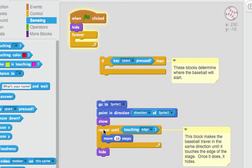And then I used a repeat until loop. And for this one I just put repeat until touching the edge. It's going to move ten steps so no matter where it is it'll keep moving ten steps until it touches the edge and then it'll hide.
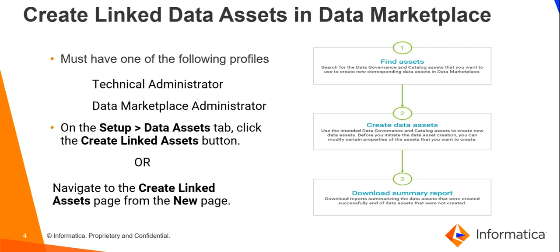This can be performed from two different places in CDMP UI. First, the setup data assets tab by clicking on the create linked assets button. Second, by navigating to the new create linked assets page.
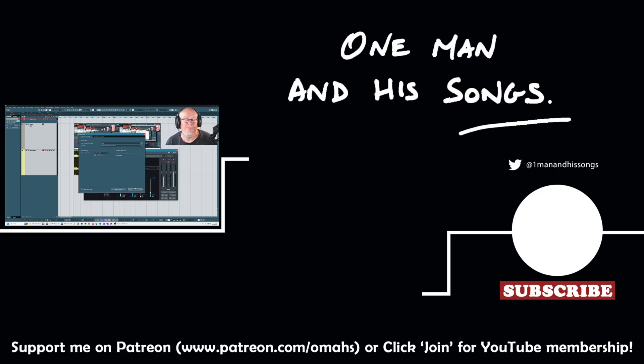And that's everything for today. Hope you've enjoyed the video, found it useful. If you have, please hit like. Don't forget to subscribe to my channel, if you haven't already. I'll see you next time. Thanks very much.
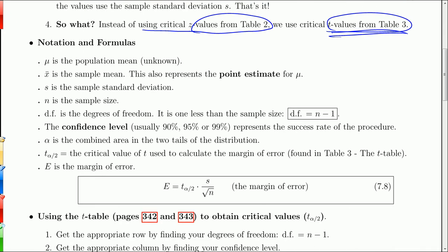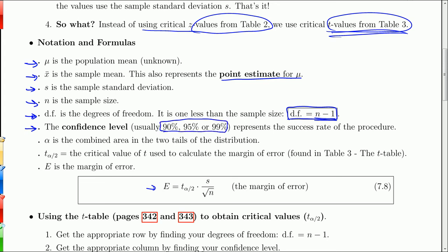We're going to come up with our margin of error. The critical thing in getting a confidence interval is getting the margin of error. Then you just take the sample mean, subtract the margin of error, add a margin of error, and you have your confidence interval. Let's go through the notation. Mu is the population mean — unknown, that's what we're trying to estimate. X-bar is the sample mean and is the point estimate for mu. S is the sample standard deviation. N is the sample size. The degrees of freedom is just n minus 1. The confidence level is the success rate of the procedure — usually 90, 95, or 99 percent.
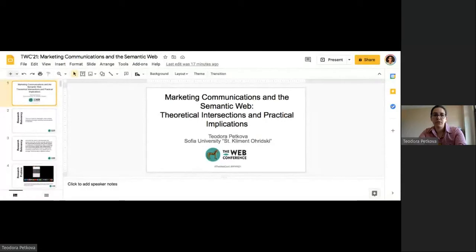Hi, my name is Theodora and I'm a PhD student at Sofia University. My research is related to how organizations and brands engage with people on the web through marketing communications. Today, I want to present a part of my research which is related to the intersections between marketing communications and the semantic web.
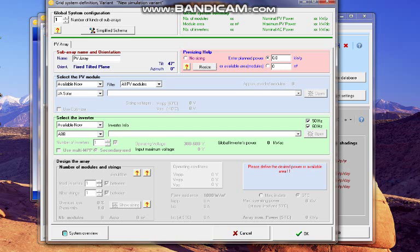We select it by the power in 6 kilowatts.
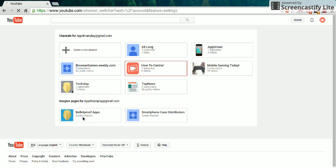You get taken to this page, and from here you can see your current YouTube channels or you can create a new YouTube channel. You can also see your Google Plus pages and connect Google Plus pages to YouTube channels.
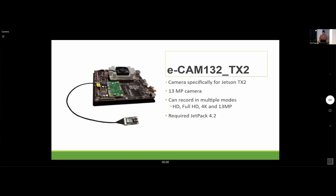The camera I used was specifically designed for the Jetson TX2. It was a pretty good camera — even better than the one on my phone — and allowed recording in multiple modes. One note: this camera required an older version of the software than the latest version available for NVIDIA Jetson.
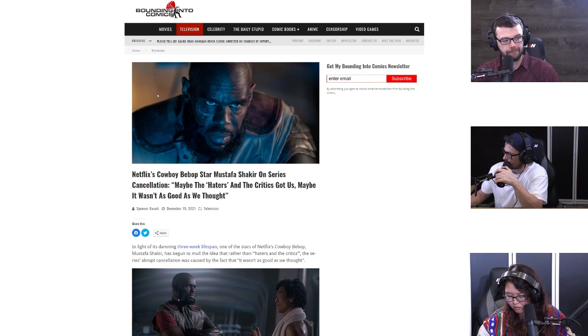This is one of those funny topics, a rare example of what I would consider introspection from someone in Hollywood, which is very rare in my opinion in current year. A certain amount of introspection is fairly rare. And this is from Bounding Into Comics and it says Netflix's Cowboy Bebop star Mustafa Shakir on series cancellation: maybe the haters and the critics got us, maybe it wasn't as good as we thought.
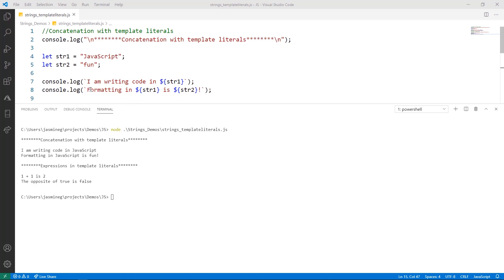Also notice that template literals work with special characters right out of the box. You don't have to worry about doing any special formatting with characters like the exclamation point or period or things like that.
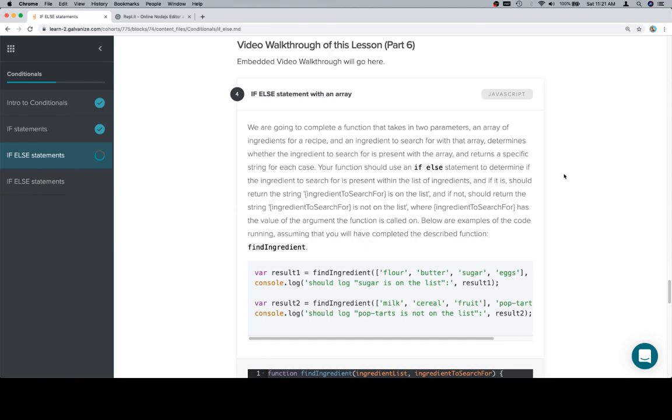and if it is, should return the string ingredient to search for is on the list, and if not, should return the string ingredient to search for is not on the list, where ingredient to search for has the value of the argument the function is called on, or at least one of the arguments.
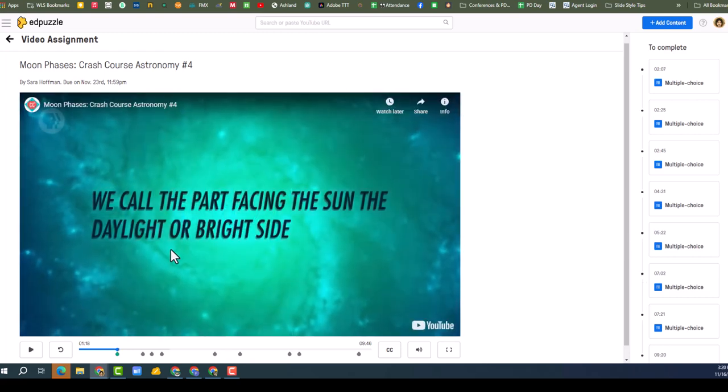We call the part facing the Sun... I'm going to pause there. All right, so that is EdPuzzle Teacher Assist. I hope you enjoyed this video. Reach out if you have any questions and have a great day.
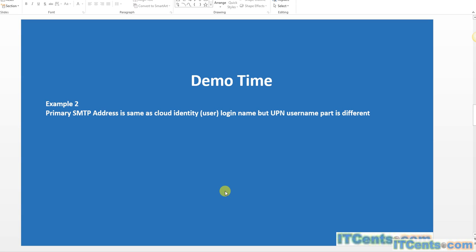Now, let's do another example. In this case, I will create another user called MergeUser2. In this case, the primary SMTP address is same as the cloud identity, but the UPN username part will be different.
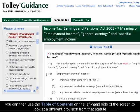You can then use the Table of Contents on the left-hand side of the screen to look at a different provision from that statute.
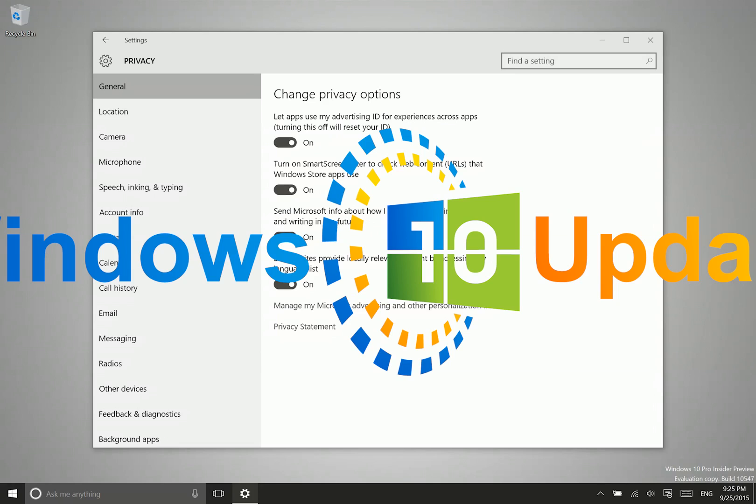Instead, it's basically to help them improve speech recognition, predictive text, things like that. If you don't want that information sent up to Microsoft, then you can go ahead and turn that off.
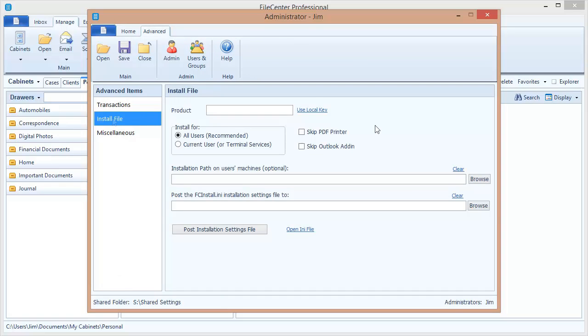Now there are two values that you're going to want to enter. The first one is your product key. You can type in your office's product key right here or if it happens to already be on your machine just click use local key.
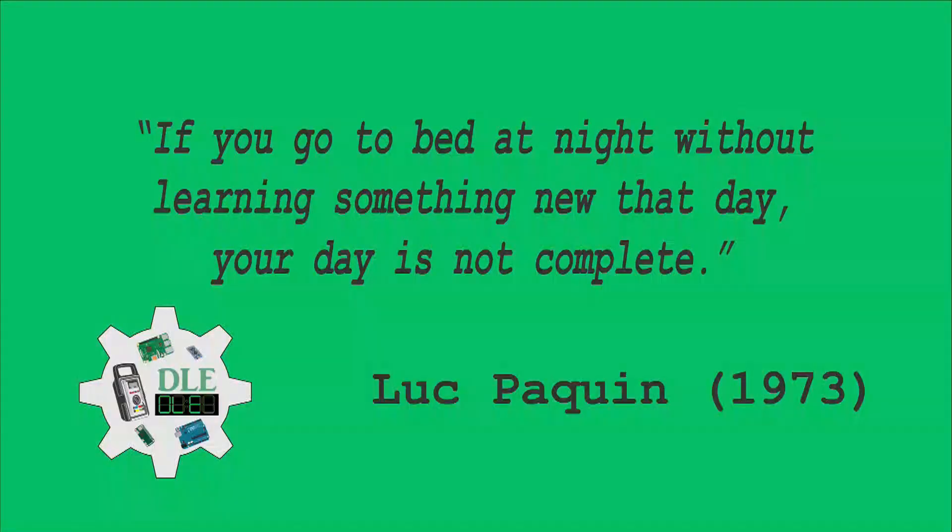If you go to bed at night without learning something new that day, your day is not complete.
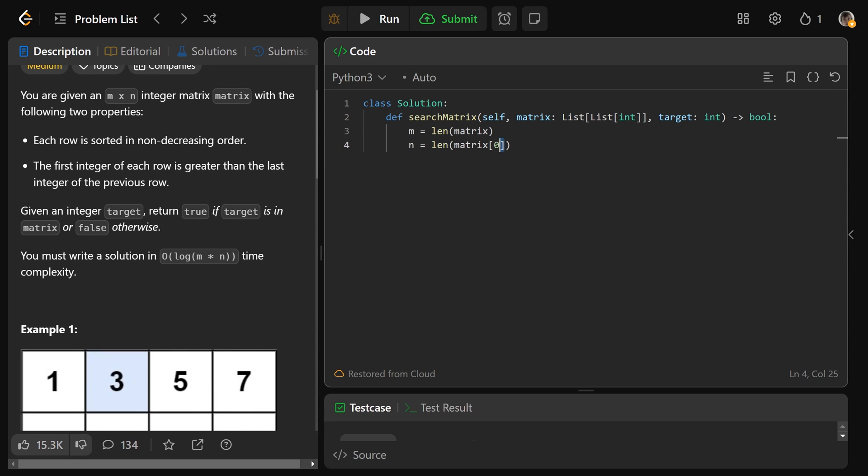We'll get our value t, which is simply the total number of elements in the matrix, equal to m times n.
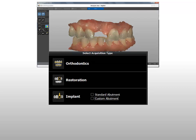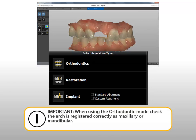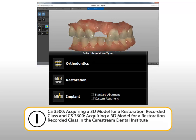When using the implant mode, select Standard Abutment. When using either the implant or restore mode, capture and identify a minimum of 7 teeth in the scan. When using the orthodontic mode, check that the arch is registered correctly as maxillary or mandibular.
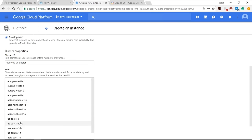The Cloud Shell automatically connects to the GitHub repository of Google Cloud Platform. To connect our project to the platform, type: gcloud config set project [project-ID]. Copy and paste the project ID from your project page. To start the HBase shell, type the command: ./quickstart.sh.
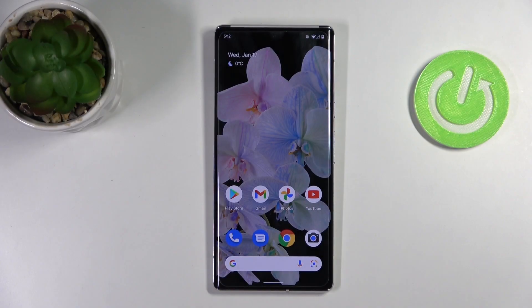Welcome! Today I'm going to show you how to switch on or off screen touches in screen recorder on a Google Pixel 6 Pro.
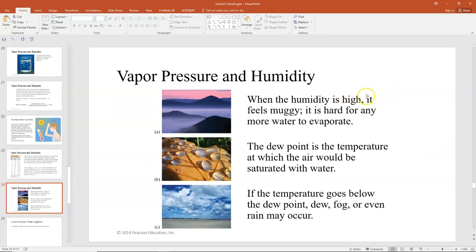When the humidity is above 50%, it feels muggy because it's hard for any more water to evaporate. If you go outside in the morning in the summer, you'll notice dew on the leaves and the grass. The dew point is the temperature at which the air would be saturated with water, so if the temperature goes below that dew point you can see dew, fog, or sometimes even rain.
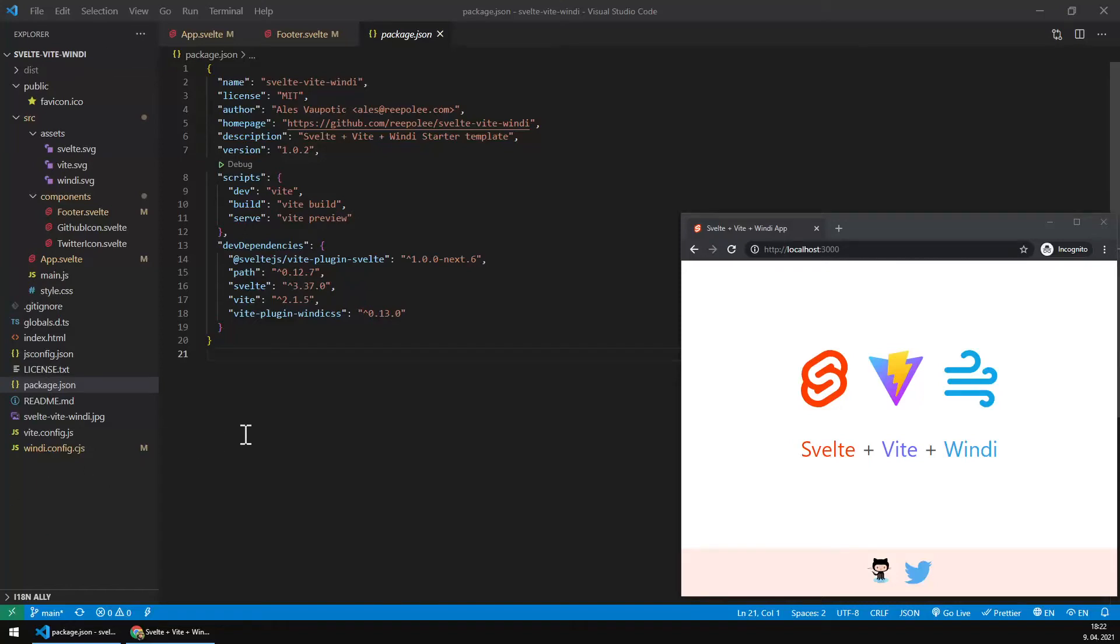Hi everyone, just wanted to share with you my latest testing of Windy with Vite and Svelte in general.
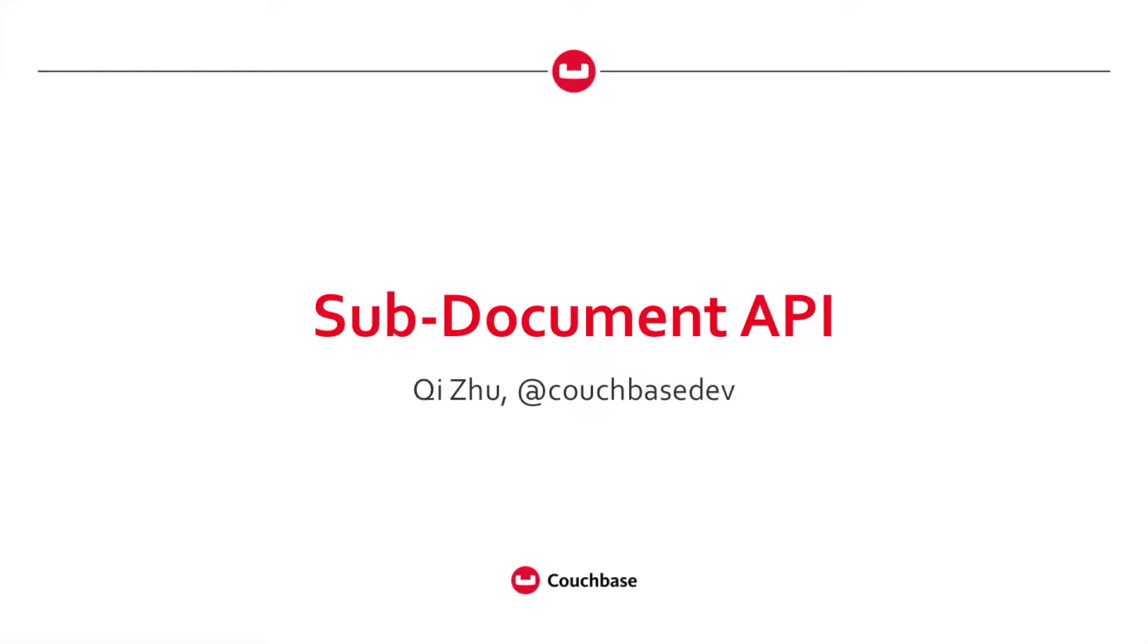Hello everybody, welcome to Coffee with Couchbase. My name is Qi Zhu and I'm a program manager with Couchbase. Today I'm going to show you a new feature we developed in Couchbase server 4.5 which is called Subdocument API.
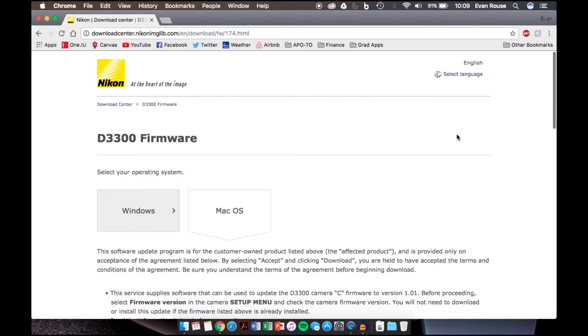Hey guys, so today I'm going to show you how to upgrade your camera firmware on your Nikon DSLR.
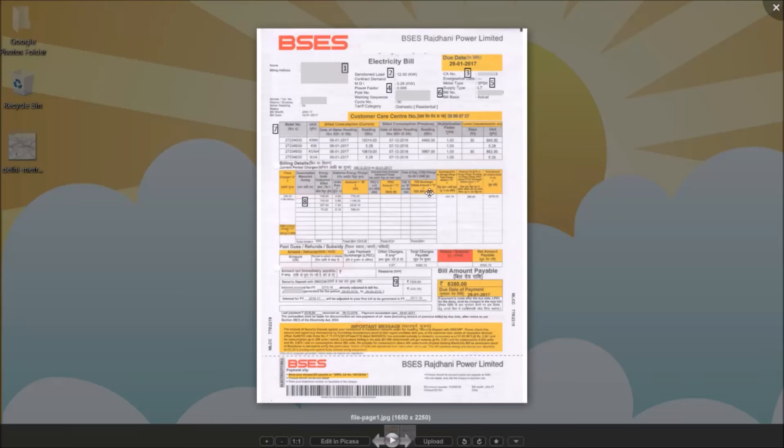Hello everybody, this is Karthik from ZunRoof. Electricity bill is something which we get every month without fail. You could skip a few of them if you go solar with ZunRoof.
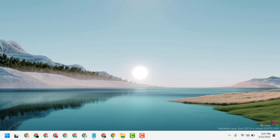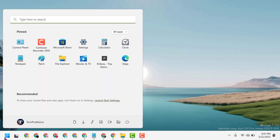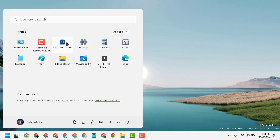Hello friends, in this video I will show you how to install the Microsoft Photos application in your Windows 11 or 10. So click on Start, then open Microsoft Store.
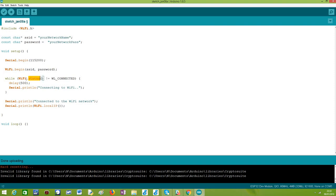We can call the status() method of the WiFi object which will return the current status as an enumerated value. We want to check for the WL_CONNECTED value, which indicates that the connection is established. So while the status is different from that value, we keep looping and asking again. Note that this is a very simple polling approach — we are not doing any error handling. After a determined number of attempts we could print a message and stop trying, but here I am assuming everything will go alright and the SSID and password are correct.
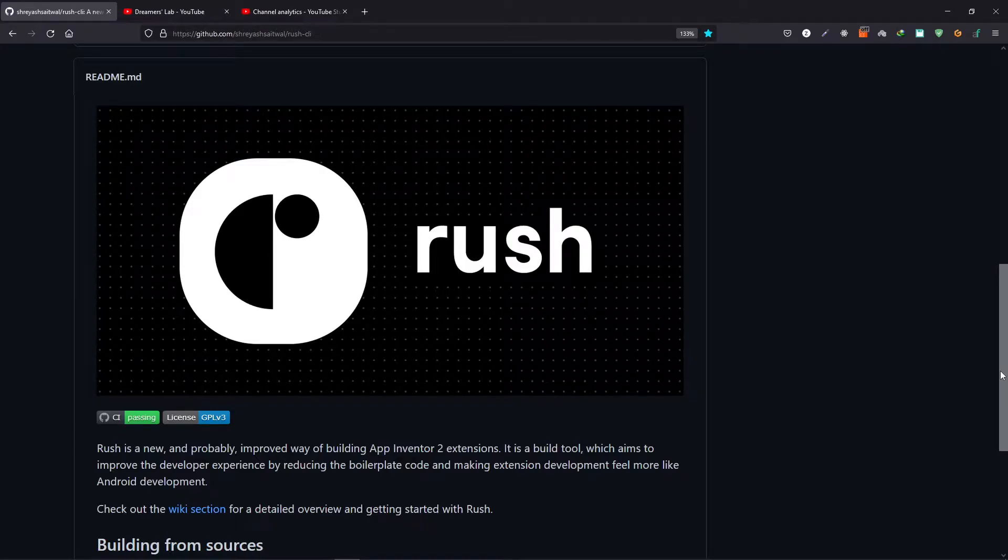Hey everyone, this is your host Zainul Hasan, and in today's video we will install Rush. So without any further ado, let's get started.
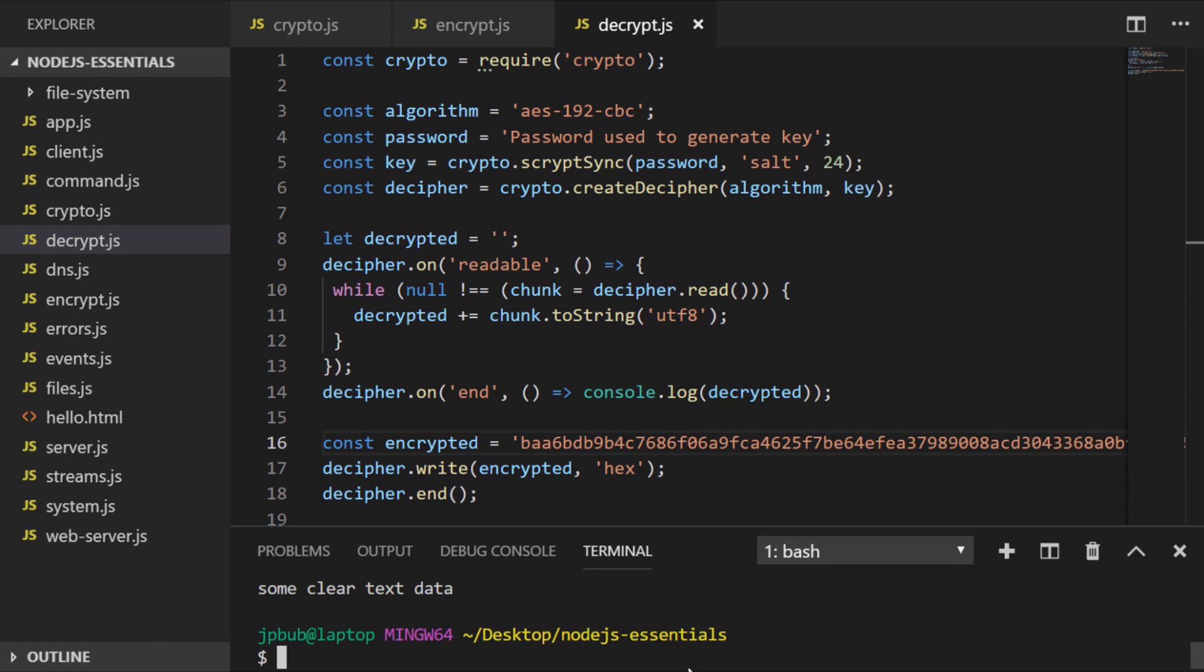For example, as previously mentioned, we don't want to store our passwords or secret keys directly in our code. We would store them in environment variables. In the next lesson, we'll look at the Zlib module and how it can be used to compress data.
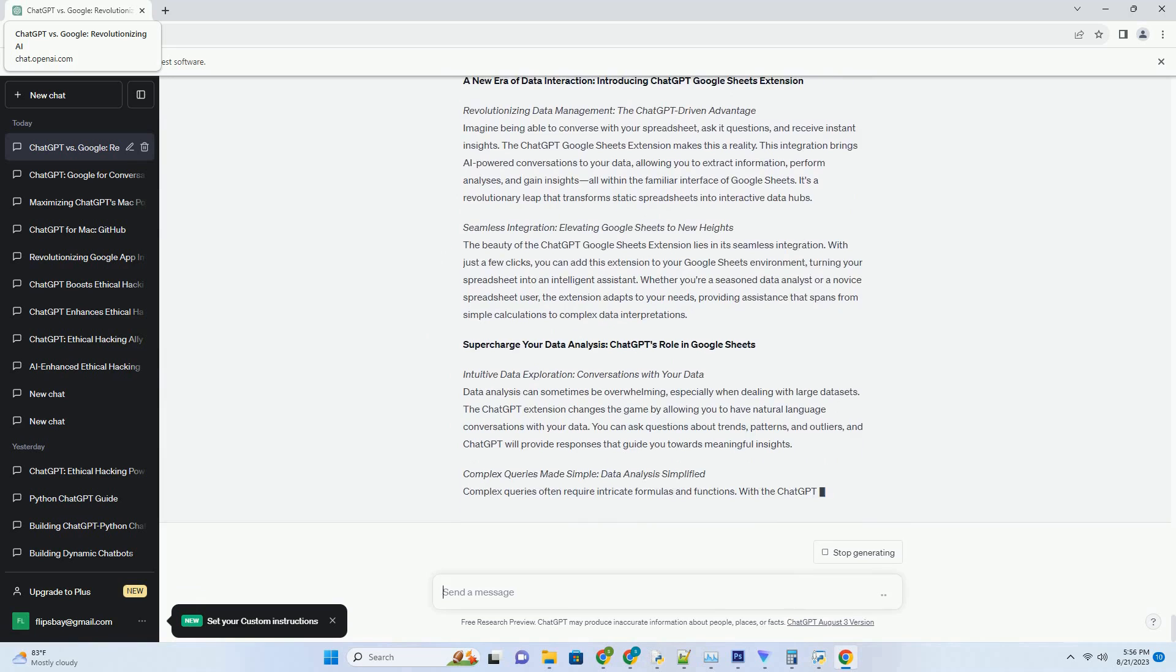Imagine being able to converse with the visual world around you. This is precisely what the synergy of ChatGPT and Google Lens offers. While Google Lens empowers us to decipher and understand images, ChatGPT takes this interaction a step further by allowing us to have intelligent conversations about what we see.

● ● ● ● ● ● ●

### [Task prompt]
Above are records with pictures. Reproduce exactly only the lines from the line with "We'll get our" through the line with "When using the implant", both ends included, and leave the pictures out.

### [Exercise result]
We'll get our value t, which is simply the total number of elements in the matrix, equal to m times n.
When using the implant mode, select Standard Abutment. When using either the implant or restore mode, capture and identify a minimum of 7 teeth in the scan. When using the orthodontic mode, check that the arch is registered correctly as maxillary or mandibular.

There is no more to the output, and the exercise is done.